(Short web captions)

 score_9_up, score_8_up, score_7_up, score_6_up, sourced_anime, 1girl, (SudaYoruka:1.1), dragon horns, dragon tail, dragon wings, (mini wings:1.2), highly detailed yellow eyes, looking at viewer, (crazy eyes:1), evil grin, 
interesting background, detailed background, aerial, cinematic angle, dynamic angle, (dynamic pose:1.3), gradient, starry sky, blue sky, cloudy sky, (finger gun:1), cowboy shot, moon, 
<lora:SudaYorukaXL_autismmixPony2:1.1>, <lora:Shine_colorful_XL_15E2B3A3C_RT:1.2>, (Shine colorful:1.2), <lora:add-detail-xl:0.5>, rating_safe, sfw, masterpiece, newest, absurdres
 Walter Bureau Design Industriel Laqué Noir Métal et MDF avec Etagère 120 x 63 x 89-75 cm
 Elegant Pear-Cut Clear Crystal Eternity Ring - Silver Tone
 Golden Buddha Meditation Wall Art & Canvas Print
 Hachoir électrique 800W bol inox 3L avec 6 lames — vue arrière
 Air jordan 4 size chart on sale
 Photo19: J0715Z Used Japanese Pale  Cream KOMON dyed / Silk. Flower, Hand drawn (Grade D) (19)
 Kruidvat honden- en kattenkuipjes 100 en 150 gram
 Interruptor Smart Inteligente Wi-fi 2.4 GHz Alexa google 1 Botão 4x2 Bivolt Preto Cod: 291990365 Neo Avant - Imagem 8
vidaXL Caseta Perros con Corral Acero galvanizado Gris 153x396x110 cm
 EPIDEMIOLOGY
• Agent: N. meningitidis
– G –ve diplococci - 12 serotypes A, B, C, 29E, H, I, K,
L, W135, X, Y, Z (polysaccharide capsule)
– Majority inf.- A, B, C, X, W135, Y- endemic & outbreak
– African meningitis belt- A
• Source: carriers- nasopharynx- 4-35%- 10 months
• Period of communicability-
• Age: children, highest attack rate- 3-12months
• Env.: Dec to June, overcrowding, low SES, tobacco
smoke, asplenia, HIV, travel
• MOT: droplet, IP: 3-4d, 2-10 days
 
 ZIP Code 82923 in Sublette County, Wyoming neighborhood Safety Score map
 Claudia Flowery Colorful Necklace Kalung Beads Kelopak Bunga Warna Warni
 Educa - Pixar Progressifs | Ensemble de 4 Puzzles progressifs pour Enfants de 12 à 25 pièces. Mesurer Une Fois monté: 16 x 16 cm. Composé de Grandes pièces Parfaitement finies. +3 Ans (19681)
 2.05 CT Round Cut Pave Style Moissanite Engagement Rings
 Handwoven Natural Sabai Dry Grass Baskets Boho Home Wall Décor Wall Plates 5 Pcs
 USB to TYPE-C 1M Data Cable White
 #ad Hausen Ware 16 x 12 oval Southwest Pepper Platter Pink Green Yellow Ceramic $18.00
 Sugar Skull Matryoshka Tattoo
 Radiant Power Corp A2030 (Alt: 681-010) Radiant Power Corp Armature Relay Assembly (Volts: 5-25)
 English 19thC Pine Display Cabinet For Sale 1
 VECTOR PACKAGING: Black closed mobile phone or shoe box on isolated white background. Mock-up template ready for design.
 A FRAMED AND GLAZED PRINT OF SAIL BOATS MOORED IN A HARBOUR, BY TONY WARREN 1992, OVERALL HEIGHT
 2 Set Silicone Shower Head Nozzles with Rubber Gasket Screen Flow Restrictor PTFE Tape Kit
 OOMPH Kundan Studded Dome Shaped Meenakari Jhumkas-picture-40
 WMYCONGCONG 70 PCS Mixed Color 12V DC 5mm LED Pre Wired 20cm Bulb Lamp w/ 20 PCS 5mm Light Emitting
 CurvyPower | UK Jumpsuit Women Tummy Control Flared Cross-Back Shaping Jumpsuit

WHAT YOU NEED TO DO: Find every line above where the word "Wall" occurs, and copy that line.

RESULT FOR THIS EXERCISE:
 Golden Buddha Meditation Wall Art & Canvas Print
 Handwoven Natural Sabai Dry Grass Baskets Boho Home Wall Décor Wall Plates 5 Pcs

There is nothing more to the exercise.